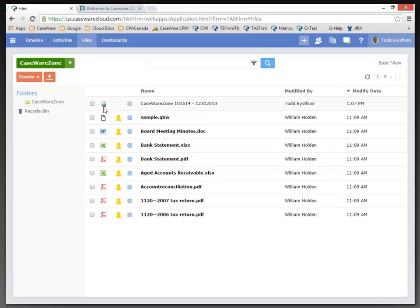If you look up at the top here, this is the file that I just published to the cloud. And we can tell by looking at the icon that it is in a SmartSync session at this time.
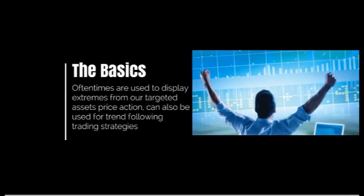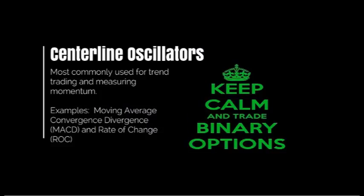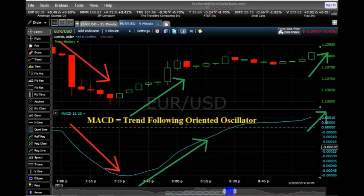First off, centerline oscillators. Centerline oscillators are the most commonly used oscillators when trading binary options. Common indicators that are centerline oscillators would be the MACD — moving average convergence divergence indicator — and the ROC indicator, otherwise known as the rate of change. The MACD indicator is known as a trend-following type of indicator, which makes it extremely useful when used in trend trading strategies. The main function of the ROC — the rate of change indicator — is to measure the percentage of price change over a given period of time.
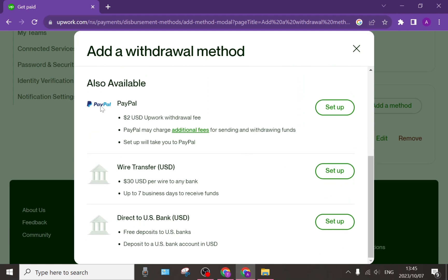Underneath the PayPal tab it will give you a breakdown of their fees and tell you that the setup will take you directly to PayPal so you can set up your PayPal account with Upwork.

+-------+

What is needed here is each line above set down word for word, minus the images.

* _Task answer_
If you look up at the top here, this is the file that I just published to the cloud. And we can tell by looking at the icon that it is in a SmartSync session at this time.
First off, centerline oscillators. Centerline oscillators are the most commonly used oscillators when trading binary options. Common indicators that are centerline oscillators would be the MACD — moving average convergence divergence indicator — and the ROC indicator, otherwise known as the rate of change. The MACD indicator is known as a trend-following type of indicator, which makes it extremely useful when used in trend trading strategies. The main function of the ROC — the rate of change indicator — is to measure the percentage of price change over a given period of time.
Underneath the PayPal tab it will give you a breakdown of their fees and tell you that the setup will take you directly to PayPal so you can set up your PayPal account with Upwork.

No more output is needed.